Recently I became aware of a character type: the Manic Pixie Dream Girl. She can be found in movies, TV, and even literature. Many sources converged to make me aware of this phenomenon at approximately the same time. First it was this post on John Green’s Tumblr. That led to the TV Tropes article on the subject. And finally, TV Tropes referred me to a Feminist Frequency video.

I should pause here to tell you exactly what a Manic Pixie Dream Girl is. TV Tropes defines the MPDG as a quirky female character who breezes into the hero’s life and breaks him out of his humdrum existence. The trope is often linked to characters played by Zooey Deschanel. I was intrigued to find that many of my favorite movies have examples of Manic Pixie Dream Girl characters: Clementine (Kate Winslet) in Eternal Sunshine of the Spotless Mind, Penny Lane (Kate Hudson) in Almost Famous, and Summer (Zooey Deschanel) in (500) Days of Summer.

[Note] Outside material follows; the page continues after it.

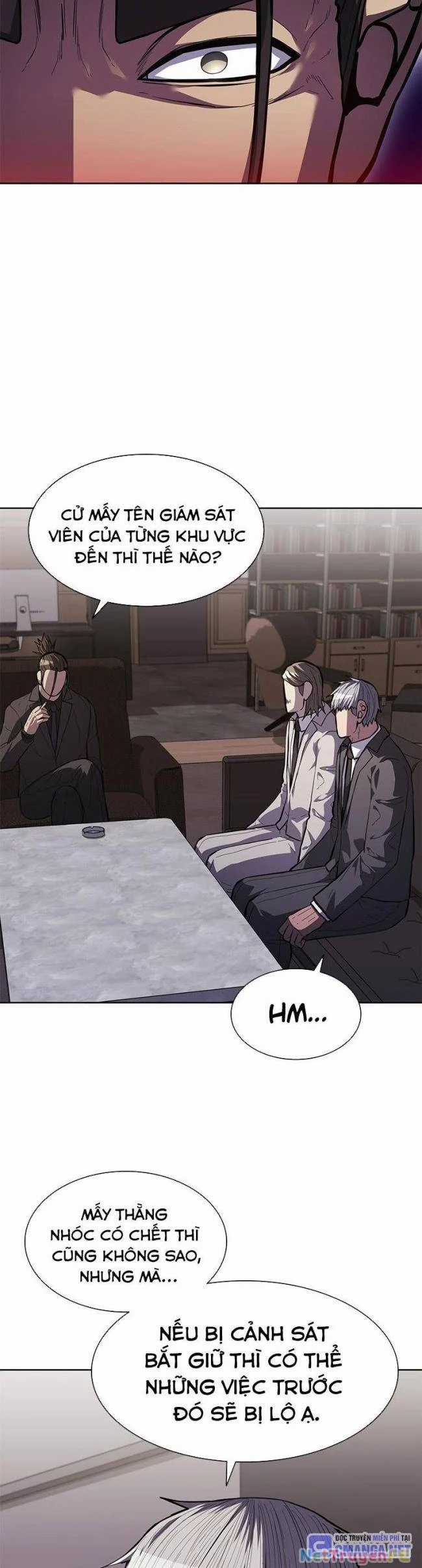 Sự Trở Lại Của Ông Trùm Chapter 51 trang 8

To make it clear that the Manic Pixie Dream Girl definition is still up for grabs, there are arguments for all three of these characters being imperfect or subverted examples of the MPDG. Still, when three of my favorite movies are mentioned in discussions of the same character type, I start to ask questions. Apparently this is an idea that I find appealing, however subconsciously. Does that mean that I aspire to be a Manic Pixie Dream Girl? Or do I desire to date some male equivalent?

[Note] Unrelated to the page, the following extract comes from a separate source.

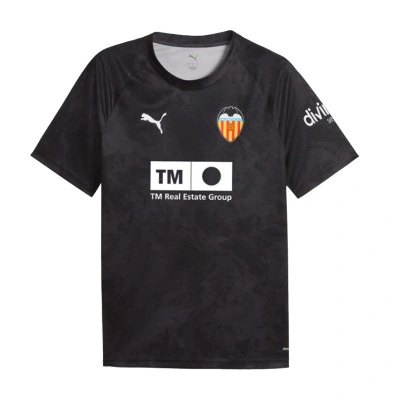 Maglietta Valencia Cf Warm UP Jersey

You may wonder why I find this a bit troubling. Well, Feminist Frequency is happy to explain. From a feminist standpoint, the MPDG has some problematic implications for women. Most notably, the MPDG is rarely the central focus of the story. Instead she serves as a catalyst for the male protagonist’s growth. It’s “woman as muse,” and I think we can all agree that women have more to offer to the world than just inspiration for men. Additionally, the MPDG’s quirks are often disguising a very two-dimensional character.

One night my friend Jenny and I were discussing the Manic Pixie Dream Girl. By some coincidence of the universe, we had both become aware of it in the preceding week. On this same evening, I also showed her a blog that I like called A Beautiful Mess. The blog features a lot of cute fashion and do-it-yourself projects. Jenny’s first comment was “This is basically the Manic Pixie Dream Girl blog.” I hadn’t made the connection until then, but she was absolutely right! Yet another example of my subconscious Manic Pixie Dream Girl fixation!

I found this photo on A Beautiful Mess that I think sums up MPDG in a single image:

That’s Elsie Larson, the creator of the blog, and her husband. Observe his stoic but amused attitude toward her. Observe her colored tights and quirky umbrella. Even her pose says, “I am here to bring whimsy into your life!”

But here’s the thing. Elsie Larson may don the MPDG persona, but she’s also an intensely creative and successful businesswoman. In short, she’s a three-dimensional human being. And so am I, as it turns out.

Tropes are not inherently bad; they help us tell stories. Even when storytellers utilize tropes, they must tweak them to fit the needs of their story. That’s why none of the three characters I mentioned can perfectly fit the MPDG definition. They meet some of the criteria but not all. Arguing over definitions is much less interesting, I think, than considering why a trope exists. What purpose does it serve in our collective imagination? And what does it say about us as people?